▶ What to produce:
In the records below, find the line with "Water Protectors pitch" and the line with "Neue Grundsteuer: Was". Print both exactly, along with every line between them, and no other line.

***** Data to process *****

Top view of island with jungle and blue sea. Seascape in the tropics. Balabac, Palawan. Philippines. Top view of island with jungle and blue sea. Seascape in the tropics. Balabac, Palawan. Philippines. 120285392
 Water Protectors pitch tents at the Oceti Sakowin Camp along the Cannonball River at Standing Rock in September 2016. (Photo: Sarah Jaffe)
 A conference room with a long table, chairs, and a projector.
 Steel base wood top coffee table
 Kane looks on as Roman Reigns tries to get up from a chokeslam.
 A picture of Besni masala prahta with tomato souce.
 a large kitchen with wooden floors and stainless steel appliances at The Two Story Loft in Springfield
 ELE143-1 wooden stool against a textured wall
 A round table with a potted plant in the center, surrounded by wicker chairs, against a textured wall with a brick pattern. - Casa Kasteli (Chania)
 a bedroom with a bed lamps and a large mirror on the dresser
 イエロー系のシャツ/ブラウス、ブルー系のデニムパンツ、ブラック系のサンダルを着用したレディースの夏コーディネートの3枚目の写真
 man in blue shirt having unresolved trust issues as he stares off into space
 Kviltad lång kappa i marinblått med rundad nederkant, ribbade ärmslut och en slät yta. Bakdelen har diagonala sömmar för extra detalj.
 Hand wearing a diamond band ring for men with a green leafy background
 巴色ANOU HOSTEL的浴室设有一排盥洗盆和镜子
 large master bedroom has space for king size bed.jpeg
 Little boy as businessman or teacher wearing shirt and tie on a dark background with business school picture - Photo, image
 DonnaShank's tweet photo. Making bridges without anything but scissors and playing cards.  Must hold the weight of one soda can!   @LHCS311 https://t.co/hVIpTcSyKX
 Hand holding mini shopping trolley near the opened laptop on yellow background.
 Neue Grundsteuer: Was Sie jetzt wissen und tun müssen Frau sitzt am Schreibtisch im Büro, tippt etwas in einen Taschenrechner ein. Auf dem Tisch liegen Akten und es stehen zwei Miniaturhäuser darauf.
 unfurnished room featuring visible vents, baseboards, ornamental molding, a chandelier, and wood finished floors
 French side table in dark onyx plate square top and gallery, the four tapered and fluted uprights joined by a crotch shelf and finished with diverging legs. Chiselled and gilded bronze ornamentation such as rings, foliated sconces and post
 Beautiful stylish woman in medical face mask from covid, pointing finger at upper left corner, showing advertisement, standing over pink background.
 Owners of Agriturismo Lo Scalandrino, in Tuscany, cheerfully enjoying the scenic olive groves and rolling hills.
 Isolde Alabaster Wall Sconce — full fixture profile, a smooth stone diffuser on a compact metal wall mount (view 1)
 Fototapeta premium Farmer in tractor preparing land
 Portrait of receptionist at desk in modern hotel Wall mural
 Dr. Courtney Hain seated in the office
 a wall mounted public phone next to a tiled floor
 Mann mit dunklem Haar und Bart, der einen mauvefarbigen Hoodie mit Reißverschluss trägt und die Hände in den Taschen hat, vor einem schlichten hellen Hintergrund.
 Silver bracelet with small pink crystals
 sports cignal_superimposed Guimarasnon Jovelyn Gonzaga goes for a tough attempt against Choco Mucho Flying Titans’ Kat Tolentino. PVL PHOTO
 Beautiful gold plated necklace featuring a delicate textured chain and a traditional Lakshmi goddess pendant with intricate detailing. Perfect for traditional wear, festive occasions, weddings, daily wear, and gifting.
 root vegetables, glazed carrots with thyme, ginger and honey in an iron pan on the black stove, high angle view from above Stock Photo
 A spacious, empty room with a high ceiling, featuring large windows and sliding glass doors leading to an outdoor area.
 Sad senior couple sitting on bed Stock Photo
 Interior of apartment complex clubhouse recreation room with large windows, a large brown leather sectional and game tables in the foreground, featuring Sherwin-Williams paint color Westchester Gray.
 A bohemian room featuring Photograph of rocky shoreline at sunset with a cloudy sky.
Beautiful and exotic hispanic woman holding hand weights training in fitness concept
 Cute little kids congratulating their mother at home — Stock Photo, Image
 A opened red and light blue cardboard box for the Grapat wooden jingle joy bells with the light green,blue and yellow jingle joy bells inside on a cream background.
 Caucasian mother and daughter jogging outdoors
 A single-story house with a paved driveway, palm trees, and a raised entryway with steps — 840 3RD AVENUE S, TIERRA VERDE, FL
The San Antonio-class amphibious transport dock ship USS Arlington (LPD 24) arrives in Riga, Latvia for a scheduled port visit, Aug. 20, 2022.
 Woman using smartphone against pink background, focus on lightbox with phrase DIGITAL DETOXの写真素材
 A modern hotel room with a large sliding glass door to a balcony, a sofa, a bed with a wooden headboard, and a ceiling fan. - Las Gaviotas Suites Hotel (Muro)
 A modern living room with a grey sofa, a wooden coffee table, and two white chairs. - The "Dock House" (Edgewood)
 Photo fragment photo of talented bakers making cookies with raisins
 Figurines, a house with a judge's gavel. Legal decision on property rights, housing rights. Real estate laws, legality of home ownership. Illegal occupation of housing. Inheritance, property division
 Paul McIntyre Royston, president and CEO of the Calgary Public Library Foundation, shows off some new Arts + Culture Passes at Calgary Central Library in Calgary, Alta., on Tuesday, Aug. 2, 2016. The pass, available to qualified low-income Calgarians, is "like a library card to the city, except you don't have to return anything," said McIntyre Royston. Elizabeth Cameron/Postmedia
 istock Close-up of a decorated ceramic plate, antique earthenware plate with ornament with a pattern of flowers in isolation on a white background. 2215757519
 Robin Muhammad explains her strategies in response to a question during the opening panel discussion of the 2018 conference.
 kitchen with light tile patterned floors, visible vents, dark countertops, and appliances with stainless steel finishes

*****

▶ Solution:
 Water Protectors pitch tents at the Oceti Sakowin Camp along the Cannonball River at Standing Rock in September 2016. (Photo: Sarah Jaffe)
 A conference room with a long table, chairs, and a projector.
 Steel base wood top coffee table
 Kane looks on as Roman Reigns tries to get up from a chokeslam.
 A picture of Besni masala prahta with tomato souce.
 a large kitchen with wooden floors and stainless steel appliances at The Two Story Loft in Springfield
 ELE143-1 wooden stool against a textured wall
 A round table with a potted plant in the center, surrounded by wicker chairs, against a textured wall with a brick pattern. - Casa Kasteli (Chania)
 a bedroom with a bed lamps and a large mirror on the dresser
 イエロー系のシャツ/ブラウス、ブルー系のデニムパンツ、ブラック系のサンダルを着用したレディースの夏コーディネートの3枚目の写真
 man in blue shirt having unresolved trust issues as he stares off into space
 Kviltad lång kappa i marinblått med rundad nederkant, ribbade ärmslut och en slät yta. Bakdelen har diagonala sömmar för extra detalj.
 Hand wearing a diamond band ring for men with a green leafy background
 巴色ANOU HOSTEL的浴室设有一排盥洗盆和镜子
 large master bedroom has space for king size bed.jpeg
 Little boy as businessman or teacher wearing shirt and tie on a dark background with business school picture - Photo, image
 DonnaShank's tweet photo. Making bridges without anything but scissors and playing cards.  Must hold the weight of one soda can!   @LHCS311 https://t.co/hVIpTcSyKX
 Hand holding mini shopping trolley near the opened laptop on yellow background.
 Neue Grundsteuer: Was Sie jetzt wissen und tun müssen Frau sitzt am Schreibtisch im Büro, tippt etwas in einen Taschenrechner ein. Auf dem Tisch liegen Akten und es stehen zwei Miniaturhäuser darauf.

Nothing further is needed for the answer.